Events
Colonialism and Climate Justice in Palestine
Dr. Andrew Ross (NYU)
October 14, 2025
5:30pm
Frank Center for Public Affairs 001
The famine in Gaza is not a singularly barbaric event. In Israel/Palestine, there is a long, colonial history of efforts to limit access to natural resources in order to manage the Arab population, and climate change is adding a new dimension. Ross will discuss the situation in Gaza against the backdrop of that history, and compare the crisis with climate-stressed regions elsewhere.

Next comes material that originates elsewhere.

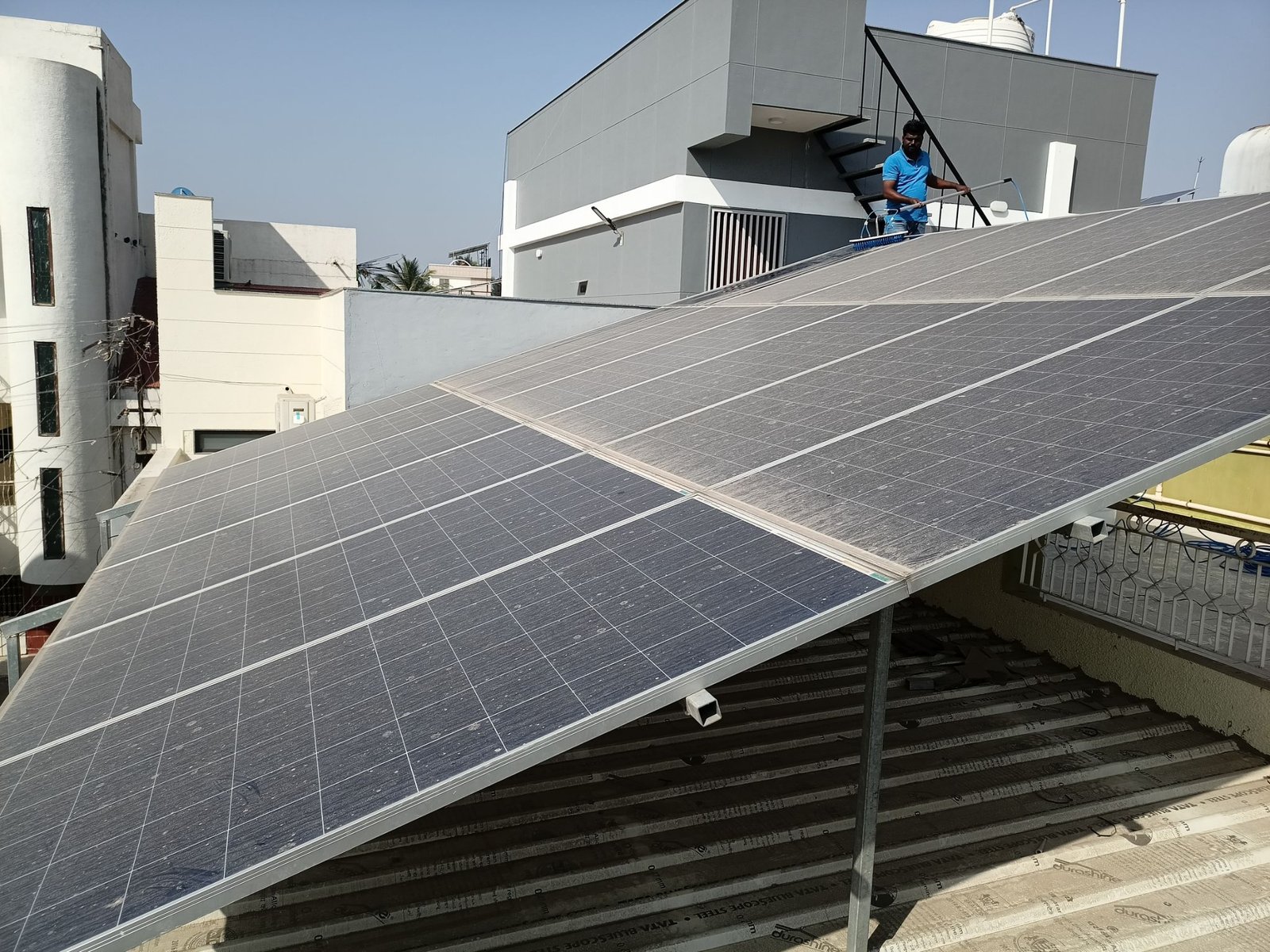 Commercial Solar Installation Cleaning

Andrew Ross is Professor of Social and Cultural Analysis at NYU. A contributor to the Guardian, the New York Times, The Nation, New York Review of Books, and Al Jazeera, he is the author or editor of almost 30 books, including Stone Men: The Palestinians Who Built Israel, and, most recently, The Weather Report: A Journey Through Unsettled Climates. He is the co-founder of several movement groups, and currently is secretary of the Faculty and Staff for Justice in Palestine national network.

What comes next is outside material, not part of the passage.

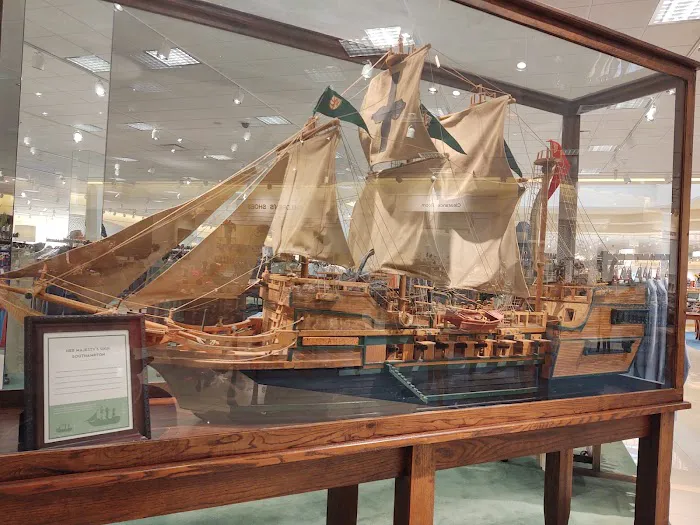 Von Maur 2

Russell House Reading Series: Amir Arian and Salar Abdoh
October 15, 2025
6:00 pm
McKelvey Room, Admissions Building
MENA Mondays: The Muslim Pope? Analogizing the Ottoman Caliphate in the Secular Age
Dr. Youssef Ben-Ismail (Amherst)
November 3, 2025
12:15 pm
Fries Center for Global Studies, Fisk 201
In 1830, following the conquest of Algiers, French statesmen began to systematically deny Ottoman sovereignty claims over Tunis, Algeria’s eastern neighbor. Tunis was an autonomous province of the Ottoman Empire since 1574, placed under the hereditary rule of the Husaynid Beys since the early eighteenth century. However, in an attempt to undermine Ottoman influence in North Africa, France began to treat the Beys as independent ruler and Tunis as a sovereign state. In support of their government’s position, French diplomats crafted several legal arguments designed to “prove" that Tunis was independent from Istanbul. One recurring French argument conceded that the Ottoman sultan held some kind of authority over Tunis, but argued that this authority was religious, and therefore merely symbolic. Implicit in this view is a conception of sovereignty predicated on a strict separation between temporal (real) and spiritual (symbolic) authority. This separation, the Sublime Porte argued, was foreign to the Ottoman understanding of sovereignty. According to the latter, the sultan’s authority as a caliph was indissociable from his sovereign authority as a ruler. This lecture examines the French argument about the spiritual nature of caliphal authority as well as Ottoman and Tunisian responses to it. From there, it offers rereading of the relationship between secular and religious power in late Ottoman political thought, revealing how contrasting ideas about "real" sovereignty circulated across legal traditions in the nineteenth-century Maghrib.
Bio:
Professor Youssef Ben-Ismail holds a Ph.D. in the study of Muslim societies and cultures from Harvard University. Before joining the Amherst faculty, he was a postdoctoral fellow in the Society of Fellows in the humanities at Columbia University. His research interests focus on the intellectual history of empire, legal and political thought in the Middle East and North Africa, the history of international law, and colonial and post-colonial studies. His current book project, "Between Legal Worlds: The Tunisian Question and the Making of Modern Sovereignty," traces the history of the French-Ottoman imperial dispute over the sovereignty status of the Regency of Tunis in the nineteenth century. Drawing on archival research in Arabic, Ottoman Turkish, French, and Italian, the book takes the imperial rivalry over the status of Tunis as a case-study to explore how different genealogies of sovereignty and statehood circulated, competed, and influenced one another across legal-epistemological traditions.